Bishop Treweek told fellow peers: “The role of Government is indeed to create law, but it is not to create injustices.” She backed a motion urging the Government to delay ratifying the treaty until asylum procedures were improved in Rwanda.
She said that traffickers and small boats had to be stopped, and immigration, “of course”, had be controlled, but the debate was whether sending people to Rwanda was both safe and humane.
She said that it was “remarkable” that the Government was asking Parliament to declare Rwanda safe on the basis of a single treaty that, it claimed, answered all the concerns of the Supreme Court.
“If Parliament does proceed, and effectively substitutes its judgment for that of the Supreme Court, I would ask where that leaves the constitutional principle of the separation of functions. And what precedent is this setting,” she said.
“Future assurances, however sincerely offered, are not on their own a strong enough basis to legislate a country as safe.
“The Prime Minister has called on peers to ‘get on board and do the right thing’, but I fear that it cannot be right to assure ourselves that asylum-seekers will be protected by a few sheets of paper.”

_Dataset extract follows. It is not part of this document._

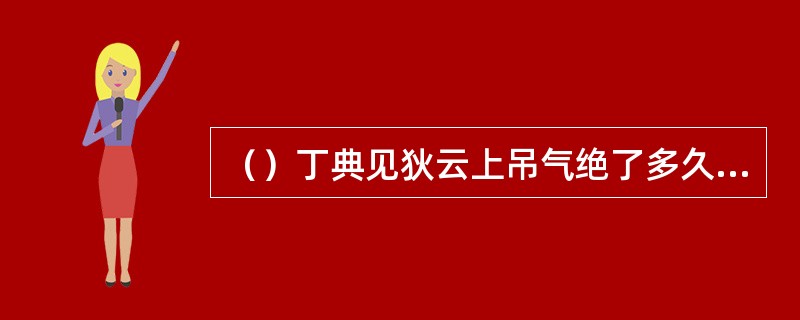 （）丁典见狄云上吊气绝了多久才开始将其救活？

Parliament TVThe Bishop of Gloucester spoke in the debate in the House of Lords
Delay motions were introduced in the Lords by the Labour peer Lord Goldsmith, who chairs the chamber’s International Agreements Committee. The committee had presented a report identifying ten issues in which “significant legal and practical steps are needed in order to implement the protections the treaty is designed to provide.”

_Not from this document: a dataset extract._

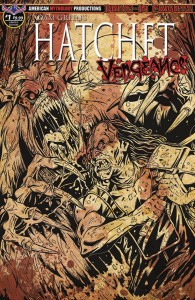 HATCHET VENGEANCE #1 LTD ED BLOODY HORROR CVR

Lord Goldsmith said: “We are not saying the treaty should never be ratified, but we are saying that Parliament should have the opportunity to scrutinise the treaty and its implementing measures in full before it makes a judgement about [whether] Rwanda is safe.”
The UK’s former permanent representative to the UN, Lord Hannay, said that the scheme broke international commitments, including the refugee convention, the Convention on the Rights of the Child, the convention against torture, and possibly the European Convention on Human Rights.
“You cannot hope to be a credible champion of the rules-based international order — as the Government, rightly in my view, aspire to be — and, at the same time, pick and choose which of those rules you yourself will continue to honour.”
The motion urging delay was backed by peers by 214 votes to 171. It is not binding on the Government, but is a firm indicator of the difficulties that the Government is going to encounter in getting its Rwanda legislation past the Lords.